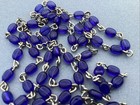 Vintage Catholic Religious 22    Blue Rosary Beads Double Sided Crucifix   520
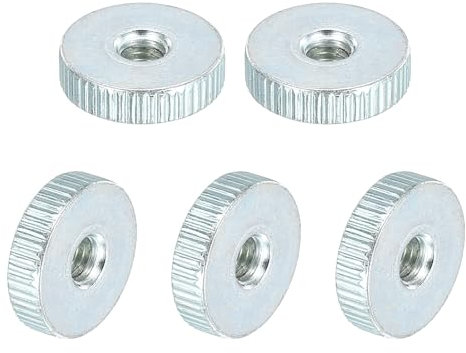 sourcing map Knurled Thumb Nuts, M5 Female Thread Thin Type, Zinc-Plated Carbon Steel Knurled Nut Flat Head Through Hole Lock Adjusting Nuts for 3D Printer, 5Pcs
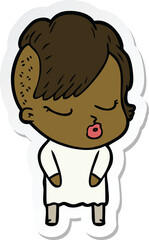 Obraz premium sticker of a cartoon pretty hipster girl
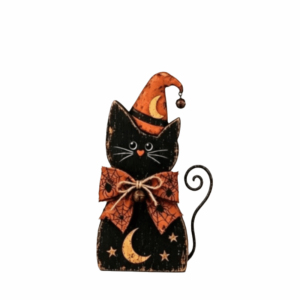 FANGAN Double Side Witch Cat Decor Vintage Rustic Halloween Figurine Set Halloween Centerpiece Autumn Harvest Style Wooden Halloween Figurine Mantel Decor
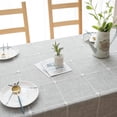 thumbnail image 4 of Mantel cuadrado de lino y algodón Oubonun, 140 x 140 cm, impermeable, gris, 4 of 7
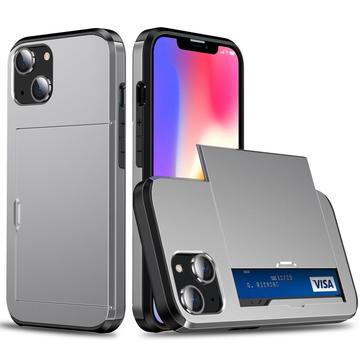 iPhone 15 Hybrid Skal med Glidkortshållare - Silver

==

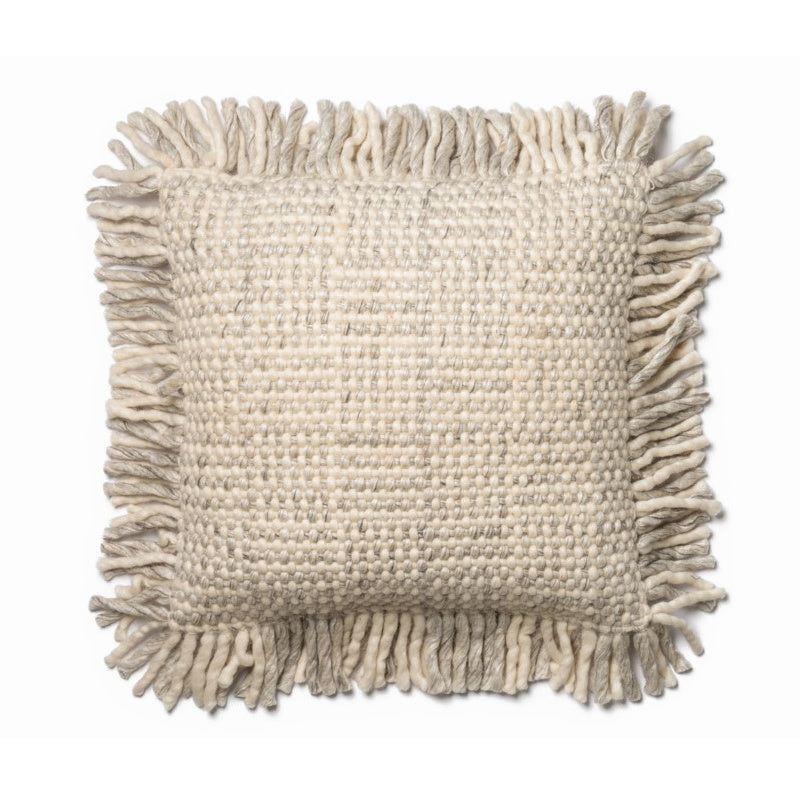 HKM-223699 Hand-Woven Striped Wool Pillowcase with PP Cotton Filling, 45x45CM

* * *

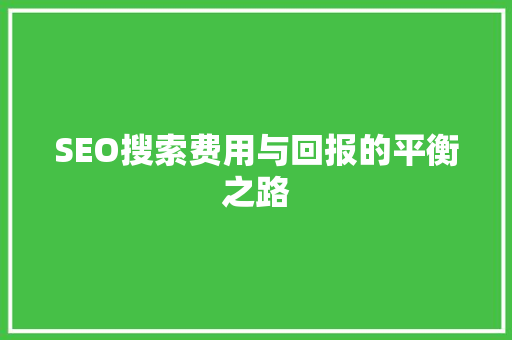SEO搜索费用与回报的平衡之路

**How to complete this task**
Please set down, exactly and with no pictures, the lines in the entries above starting at the one holding "Obraz premium sticker" and ending at the one holding "FANGAN Double Side", ends included.

**Answer to this task**
 Obraz premium sticker of a cartoon pretty hipster girl
 FANGAN Double Side Witch Cat Decor Vintage Rustic Halloween Figurine Set Halloween Centerpiece Autumn Harvest Style Wooden Halloween Figurine Mantel Decor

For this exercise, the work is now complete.